The disciples stood on Mount Olivet, dust clinging to their sandals as Jesus lifted His hands in blessing. A cloud enveloped Him, leaving them staring at empty sky. Two men in white interrupted their gaping: “Why stand looking into heaven?” They walked back to Jerusalem, obeying Christ’s final command—wait for the Spirit’s power. Their sandals scuffed the same roads where Jesus had carried His cross. [42:28]
Jesus’ ascension wasn’t abandonment but enthronement. By taking humanity into heaven, He opened eternity to flesh-and-blood people like Peter, James, and you. The disciples’ waiting wasn’t passive—it was active preparation for a mission greater than restoring Israel.

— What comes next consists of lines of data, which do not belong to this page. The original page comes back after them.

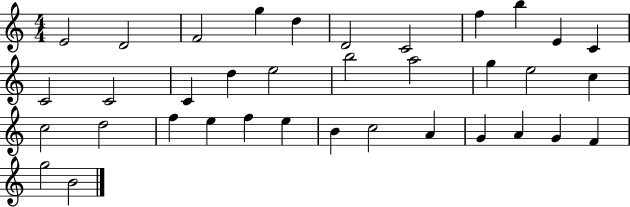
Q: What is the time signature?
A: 4/4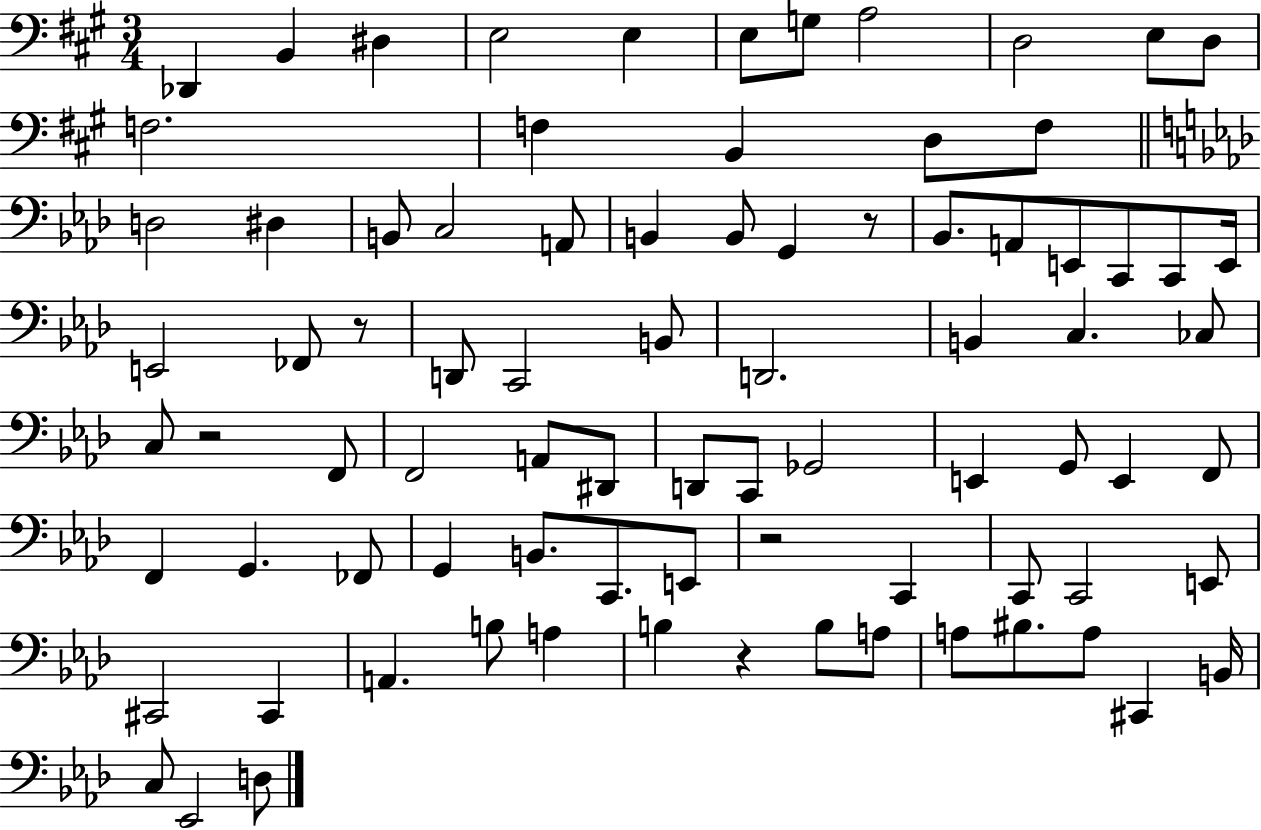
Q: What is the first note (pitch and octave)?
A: Db2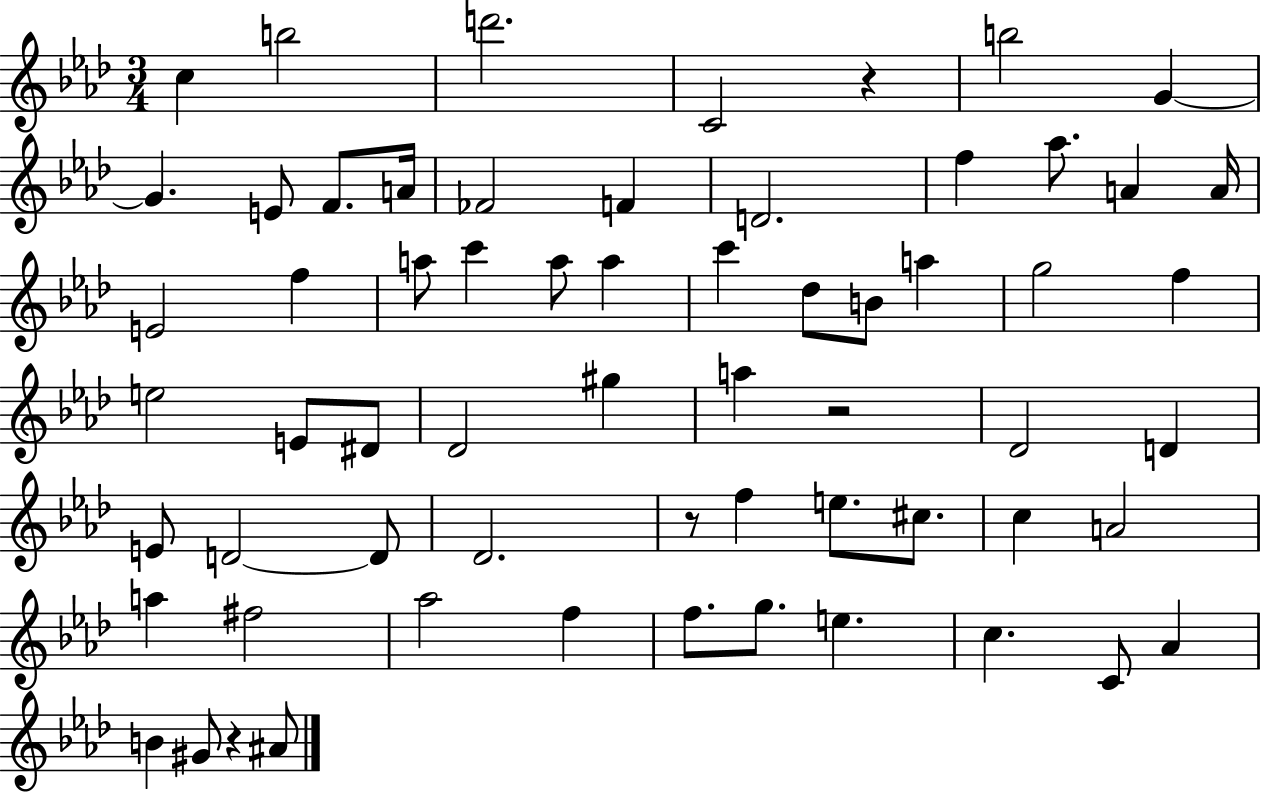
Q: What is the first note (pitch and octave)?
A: C5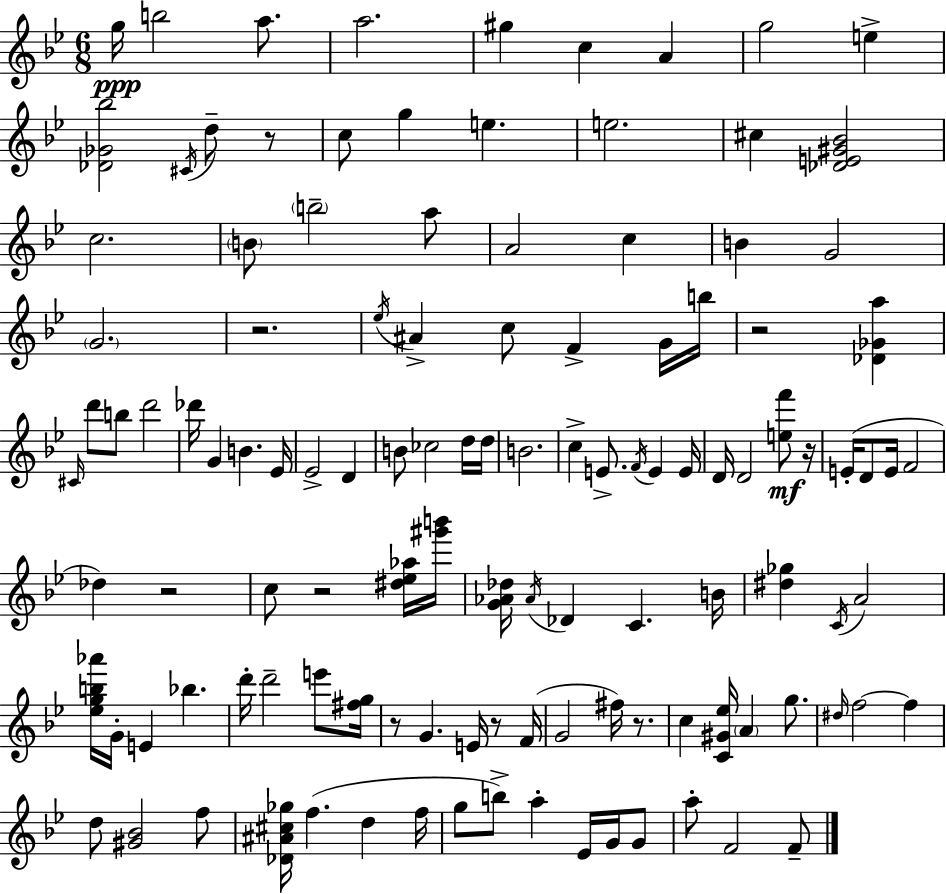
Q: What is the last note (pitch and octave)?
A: F4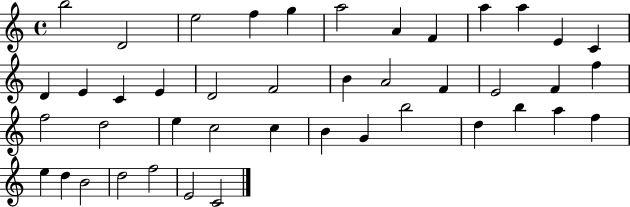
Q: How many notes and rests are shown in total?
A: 43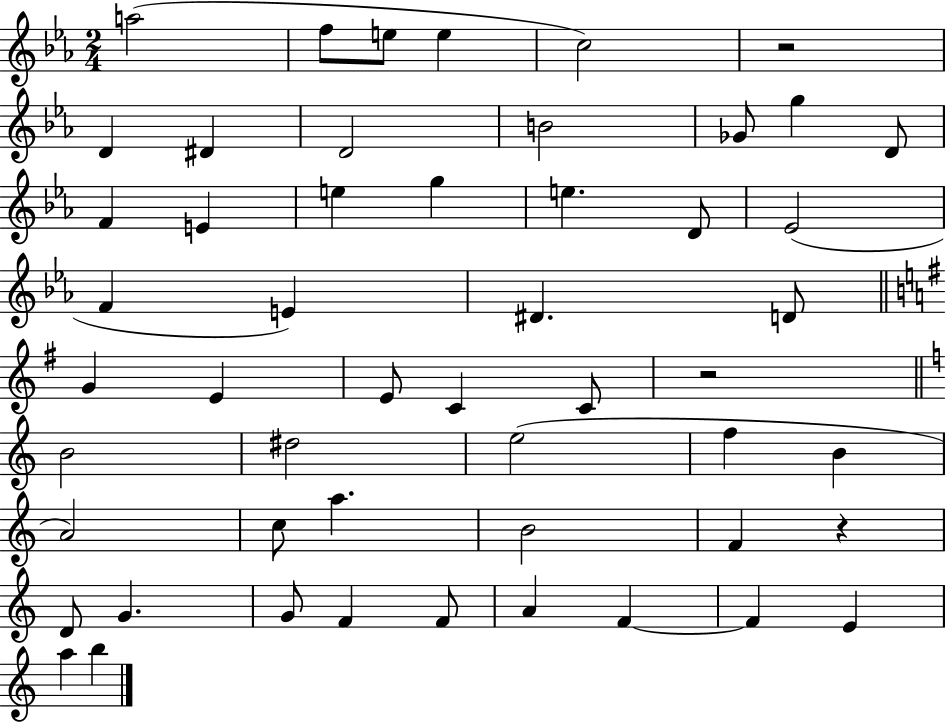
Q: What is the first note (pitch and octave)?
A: A5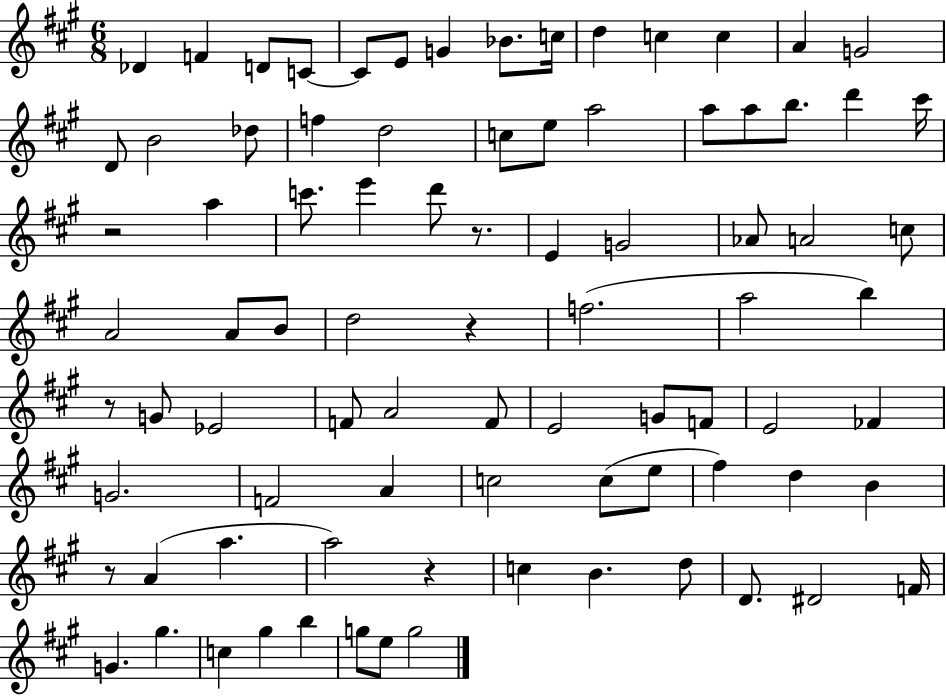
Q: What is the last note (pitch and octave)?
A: G5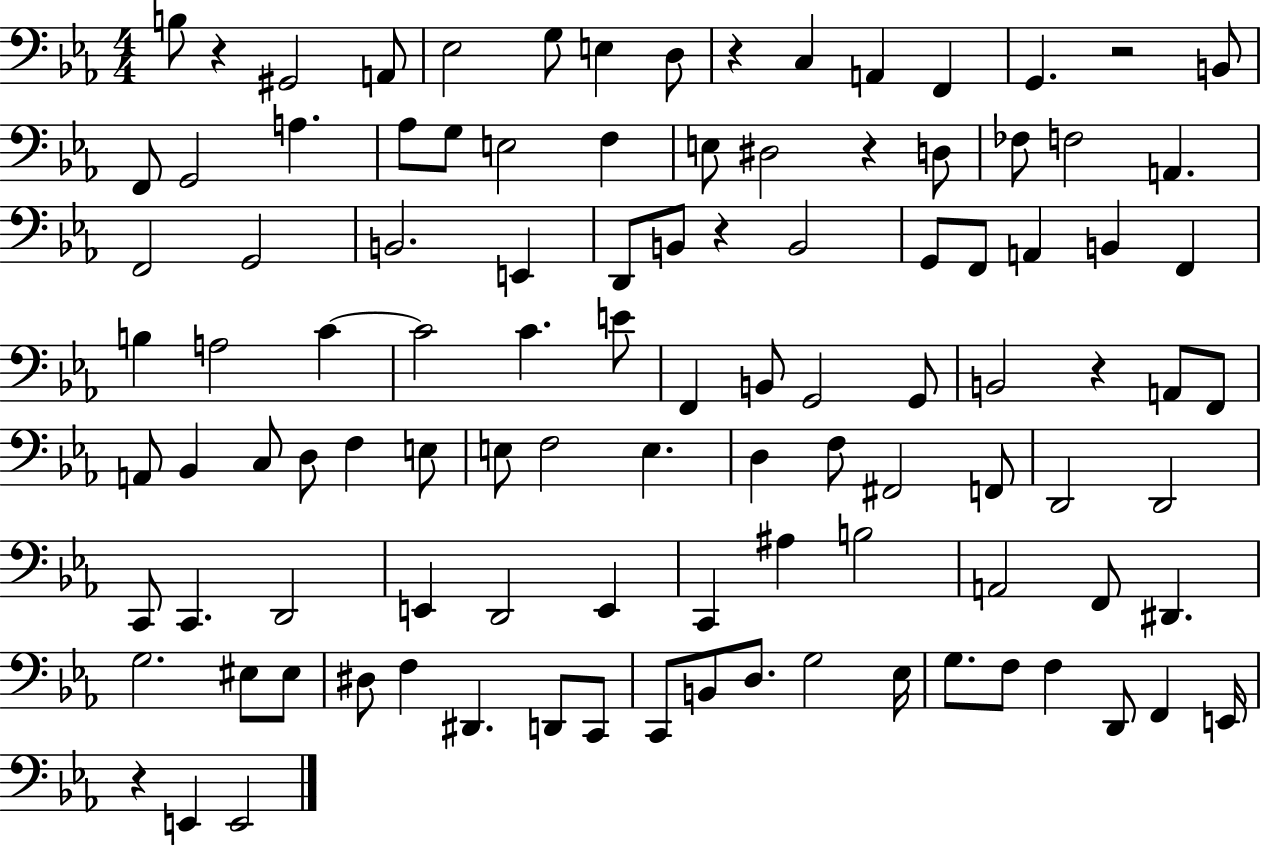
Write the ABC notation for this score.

X:1
T:Untitled
M:4/4
L:1/4
K:Eb
B,/2 z ^G,,2 A,,/2 _E,2 G,/2 E, D,/2 z C, A,, F,, G,, z2 B,,/2 F,,/2 G,,2 A, _A,/2 G,/2 E,2 F, E,/2 ^D,2 z D,/2 _F,/2 F,2 A,, F,,2 G,,2 B,,2 E,, D,,/2 B,,/2 z B,,2 G,,/2 F,,/2 A,, B,, F,, B, A,2 C C2 C E/2 F,, B,,/2 G,,2 G,,/2 B,,2 z A,,/2 F,,/2 A,,/2 _B,, C,/2 D,/2 F, E,/2 E,/2 F,2 E, D, F,/2 ^F,,2 F,,/2 D,,2 D,,2 C,,/2 C,, D,,2 E,, D,,2 E,, C,, ^A, B,2 A,,2 F,,/2 ^D,, G,2 ^E,/2 ^E,/2 ^D,/2 F, ^D,, D,,/2 C,,/2 C,,/2 B,,/2 D,/2 G,2 _E,/4 G,/2 F,/2 F, D,,/2 F,, E,,/4 z E,, E,,2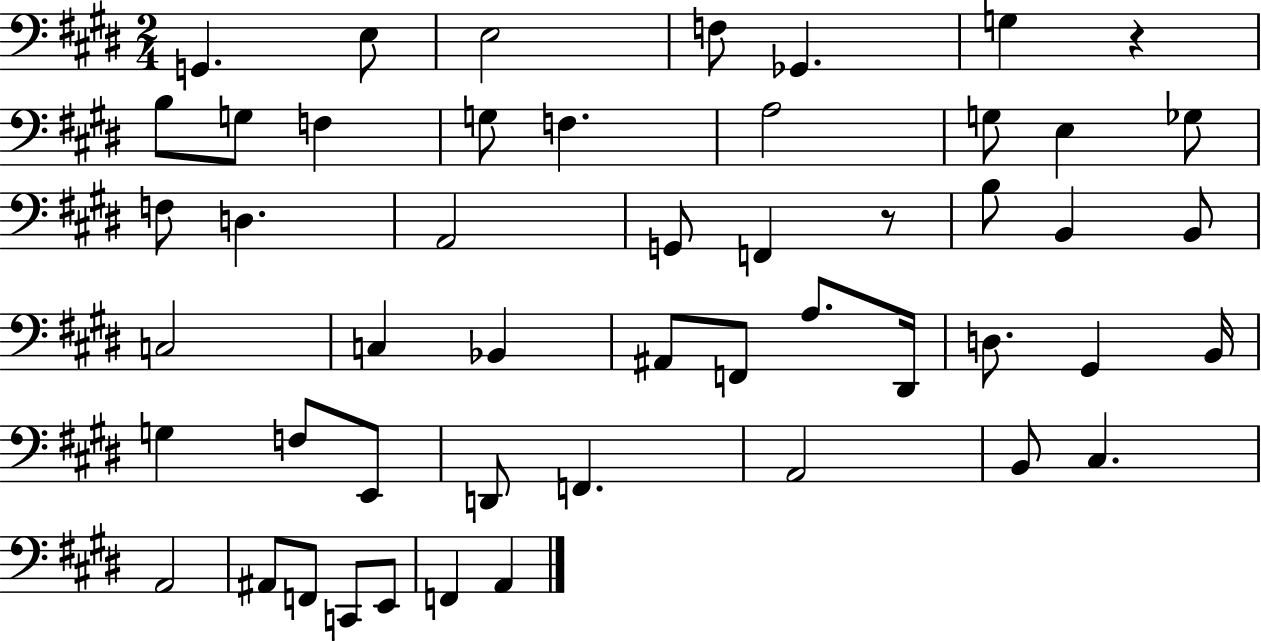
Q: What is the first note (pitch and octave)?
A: G2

You’ve been given assignments, but have you run ahead without His power? Stop. Sit in the upper room of your heart. What task feels overwhelming unless God fuels it? When did you last let His timeline reshape your urgency?
“But you will receive power when the Holy Spirit has come upon you, and you will be my witnesses in Jerusalem and in all Judea and Samaria, and to the end of the earth.”
(Acts 1:8, ESV)
Prayer: Ask Jesus to reveal one assignment requiring His power, not your striving.
Challenge: Write “WAIT” on your wrist. Pray each time you see it.
For forty days, Jesus ate fish with disciples, let Thomas touch scars, and walked Emmaus roads. Noah endured rain forty days. Moses fasted forty days for commandments. Israel wandered forty years. Elijah trekked forty days to hear God’s whisper. Formation always precedes fruit. The disciples didn’t know Pentecost required ten more days of prayer after Jesus’ ascension. [49:54]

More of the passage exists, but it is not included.